Le secteur bancaire dans la région arabe est de plus en plus vulnérable aux risques liés au climat. Si rien n’est fait pour l’atténuer, cette vulnérabilité pourrait conduire à une crise systémique, c’est ce qui ressort d’une note d’analyse élaborée par Moez Labidi, économiste, conseiller auprès de la Direction de l’Institut Arabe de Planification.
D’après cette note intitulée “Verdissement des politiques macroprudentielles dans la région arabe : Un cadre en phase initiale de développement”, la transition vers une économie verte ne sera pas possible et rapide sans des réponses appropriées en matière de politiques micro- et macroprudentielles. Or, les outils de politique microprudentielle et macroprudentielle actuellement en vigueur ne seront pas en mesure d’atténuer les menaces climatiques pesant sur le système financier.
Labidi pense ainsi qu’il est urgent d’agir pour améliorer la résilience du système financier afin de faire face aux implications systémiques des risques climatiques et d’accélérer la transition verte. Selon lui, les défis climatiques actuels et futurs auxquels sont confronté les systèmes financiers dans la région ne peuvent être relevés qu’avec une volonté politique de mettre en œuvre des réformes structurantes et innovantes, et une coordination étroite entre les politiques monétaires et les politiques micro et macroprudentielles.
Les banques centrales devraient ainsi collecter les données disponibles et appropriées sur les risques climatiques (physiques et de transition) et repérer leurs mécanismes de transmission spécifiques (canaux de transmission, effets de débordement, amplificateurs, …) avant d’élaborer des lignes directrices pour la préparation d’un plan d’action solide, “parce que le coût d’une action trop précoce et trop forte basée sur une information imparfaite peut facilement dépasser le risque d’une action trop tardive et progressive”.
Par ailleurs, les banques centrales, les autorités de surveillance financière, les institutions financières et les experts en climatologie doivent collaborer pour combler les lacunes en matière de données climatiques en imposant aux institutions financières et aux entreprises du secteur réel des exigences supplémentaires en matière d’information. Sans données climatiques pertinentes, la capacité de mesurer l’exposition au risque climatique et d’effectuer des tests de résistance financière liés au climat sera limitée et la politique macroprudentielle ne sera pas d’une grande efficacité pour contenir le risque systémique induit par le changement climatique.

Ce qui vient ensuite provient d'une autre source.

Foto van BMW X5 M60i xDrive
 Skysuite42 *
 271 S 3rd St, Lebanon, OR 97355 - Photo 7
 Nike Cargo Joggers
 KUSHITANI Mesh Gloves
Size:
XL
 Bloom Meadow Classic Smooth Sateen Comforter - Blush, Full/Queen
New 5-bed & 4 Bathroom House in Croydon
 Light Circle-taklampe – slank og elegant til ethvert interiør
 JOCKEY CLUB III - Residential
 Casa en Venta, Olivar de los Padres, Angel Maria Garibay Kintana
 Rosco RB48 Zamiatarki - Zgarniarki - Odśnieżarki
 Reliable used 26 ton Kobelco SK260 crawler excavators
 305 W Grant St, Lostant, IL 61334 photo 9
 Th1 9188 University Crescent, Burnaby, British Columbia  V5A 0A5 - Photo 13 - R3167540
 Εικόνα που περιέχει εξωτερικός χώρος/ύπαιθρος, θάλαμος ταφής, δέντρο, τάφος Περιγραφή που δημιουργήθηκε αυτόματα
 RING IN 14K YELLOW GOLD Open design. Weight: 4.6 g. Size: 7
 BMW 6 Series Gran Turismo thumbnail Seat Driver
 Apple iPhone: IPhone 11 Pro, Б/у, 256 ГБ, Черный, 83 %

Labidi a, en outre, mis l’accent sur l’impératif pour les banques centrales de la région arabe de développer un cadre réglementaire approprié qui favorise le verdissement de la boîte à outils macroprudentielle afin d’accélérer la transition vers une finance durable et l’adoption des meilleures pratiques internationales.
Les banques centrales et les autorités de surveillance du secteur financier seront également, selon la même analyse, dans l’obligation d’adapter leurs cadres de simulation de crise en intégrant les risques climatiques et de passer à des tests de résistance au climat de plus en plus sophistiqués afin de garantir une meilleure évaluation de la solidité du système financier.
Labidi a par ailleurs évoqué les défis de la modélisation du climat pour les banques centrales arabes. Selon lui, il est urgent de repousser la frontière de la modélisation vers des modèles d’équilibre général dynamique stochastique (DSGE), multisectoriels et multirégionaux qui intègrent les considérations climatiques et permettent de mieux suivre les implications économiques et financières des changements climatiques et des politiques de transition.
Les ministères des finances devraient, de leur côté, créer un marché secondaire pour les obligations vertes des gouvernements et des entreprises pour enrichir la boîte à outils des banques centrales avec des instruments non conventionnels et rendre plus verts certains ratios macroprudentiels tels que le LCR (ratio de couverture des liquidités) en valorisant la détention d’obligations vertes liquides.
Toutefois, en contribuant à accélérer la transition verte, les banques centrales et les autorités de surveillance du secteur financier doivent veiller à contrer les menaces d’éco-blanchiment (greenwashing) via un cadre règlementaire approprié, a conclu Labidi.